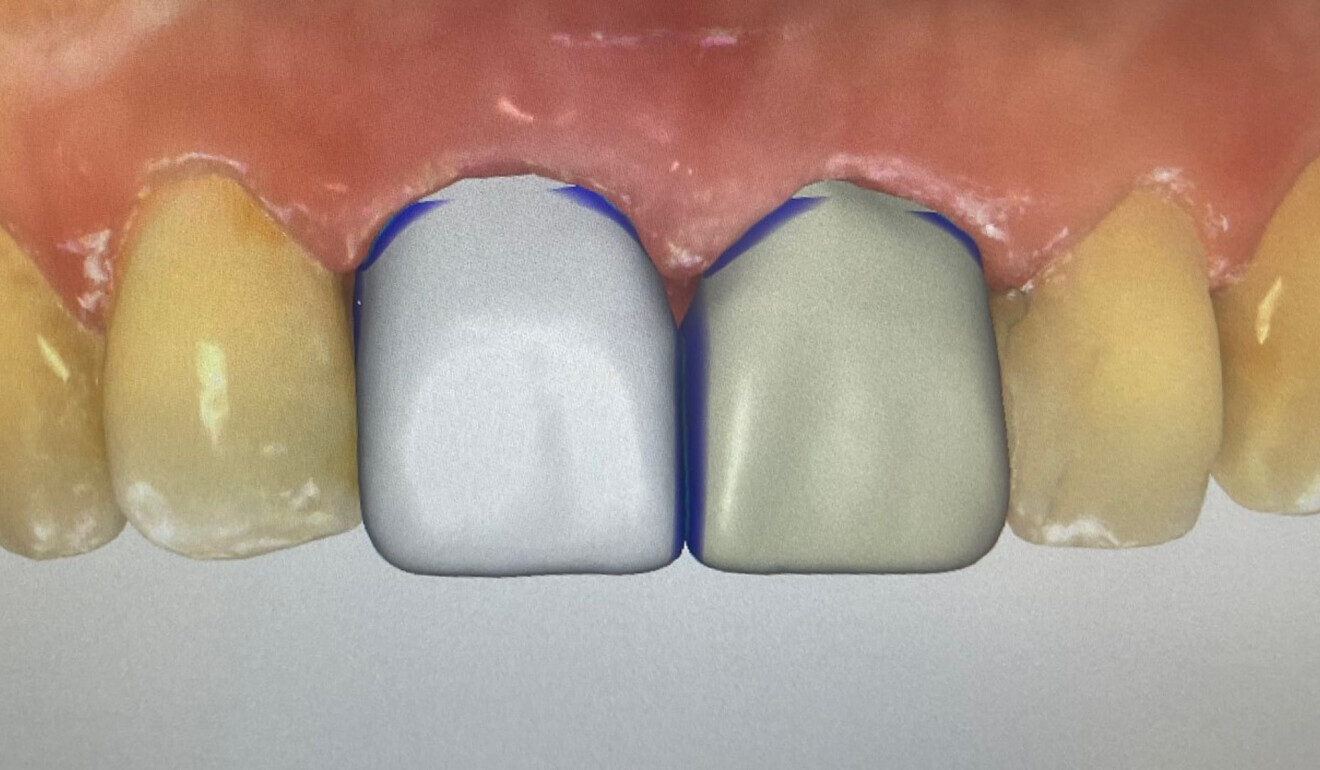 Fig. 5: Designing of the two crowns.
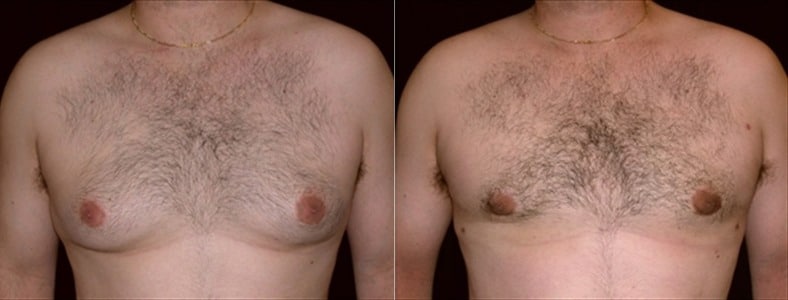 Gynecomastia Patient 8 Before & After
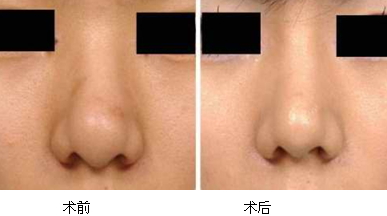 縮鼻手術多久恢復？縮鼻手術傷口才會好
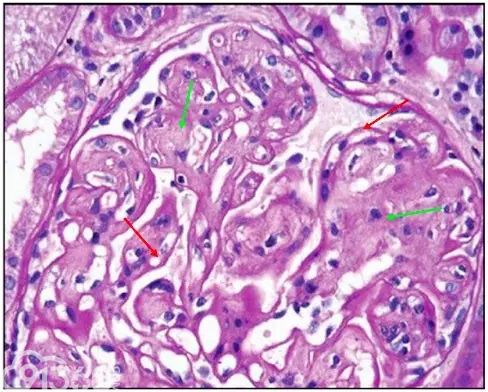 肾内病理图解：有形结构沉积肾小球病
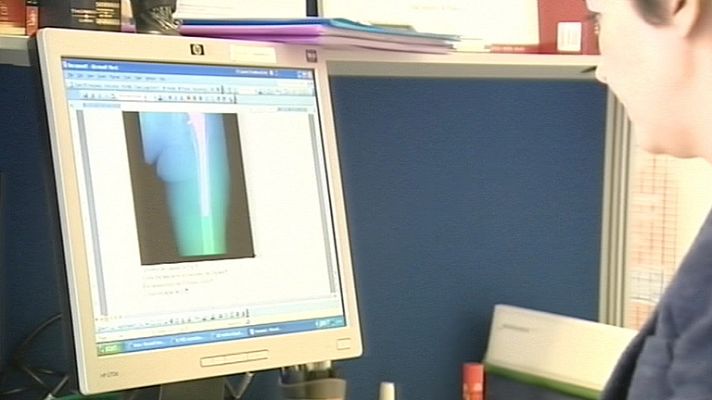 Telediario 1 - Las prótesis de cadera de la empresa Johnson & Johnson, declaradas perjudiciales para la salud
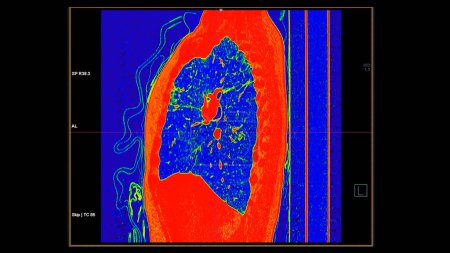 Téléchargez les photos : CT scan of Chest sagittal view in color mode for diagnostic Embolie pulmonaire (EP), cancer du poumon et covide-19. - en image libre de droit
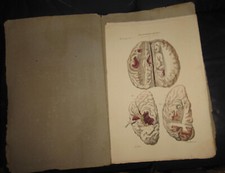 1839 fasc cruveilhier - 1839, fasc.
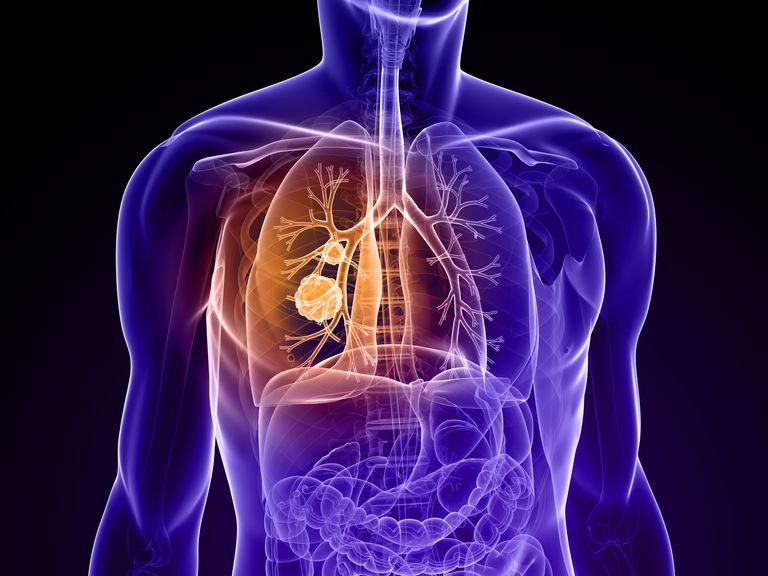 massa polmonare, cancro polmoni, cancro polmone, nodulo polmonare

────────────────

REQUIREMENT — The required output is every line from the one containing "Gynecomastia Patient 8 Before & After" through the last line of the data above, restated exactly and without pictures.

EXPECTED ANSWER —
 Gynecomastia Patient 8 Before & After
 縮鼻手術多久恢復？縮鼻手術傷口才會好
 肾内病理图解：有形结构沉积肾小球病
 Telediario 1 - Las prótesis de cadera de la empresa Johnson & Johnson, declaradas perjudiciales para la salud
 Téléchargez les photos : CT scan of Chest sagittal view in color mode for diagnostic Embolie pulmonaire (EP), cancer du poumon et covide-19. - en image libre de droit
 1839 fasc cruveilhier - 1839, fasc.
 massa polmonare, cancro polmoni, cancro polmone, nodulo polmonare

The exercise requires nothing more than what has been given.